■ TASK DIRECTIONS ■
For the data that follows, return each line unchanged and drop the pictures.

■ DATA EXCERPT ■

■ ■ ■

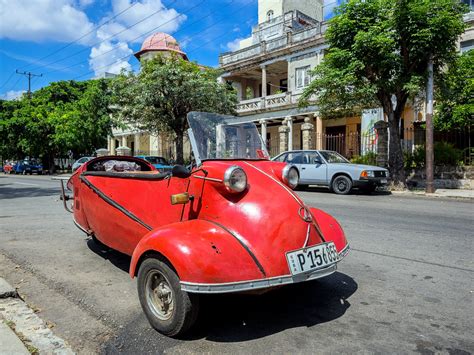The Hopeful Traveller A Rainbow Of Cuban Cars
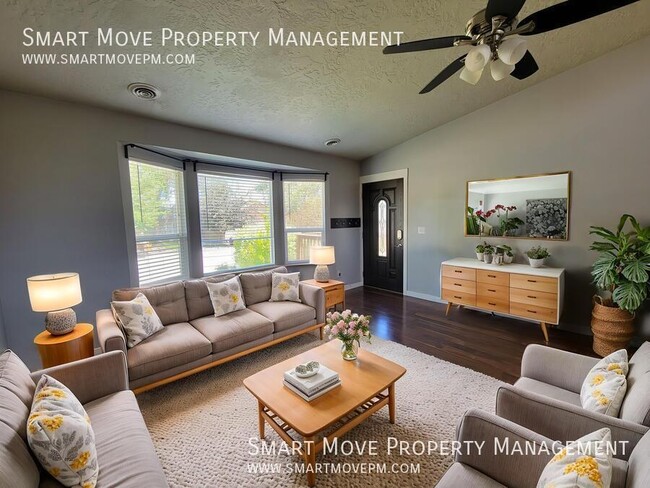 Photo - 2705 E Mendota Dr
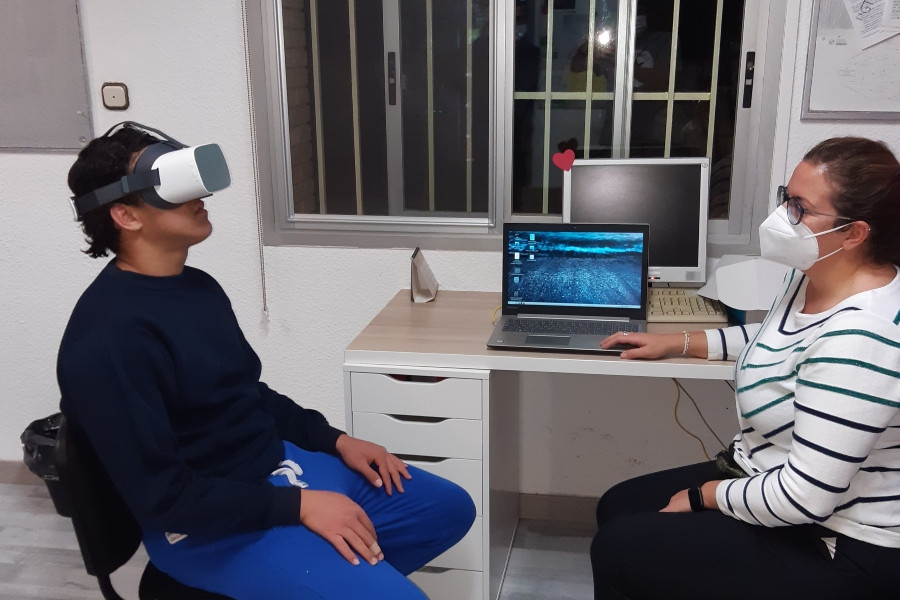 Jóvenes atendidos en la residencia ‘Pi i Margall’ de Burjassot (Valencia) participan en un proyecto de terapia mediante la realidad virtual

■ ■ ■

■ RESPONSE BELOW ■
The Hopeful Traveller A Rainbow Of Cuban Cars
 Photo - 2705 E Mendota Dr
 Jóvenes atendidos en la residencia ‘Pi i Margall’ de Burjassot (Valencia) participan en un proyecto de terapia mediante la realidad virtual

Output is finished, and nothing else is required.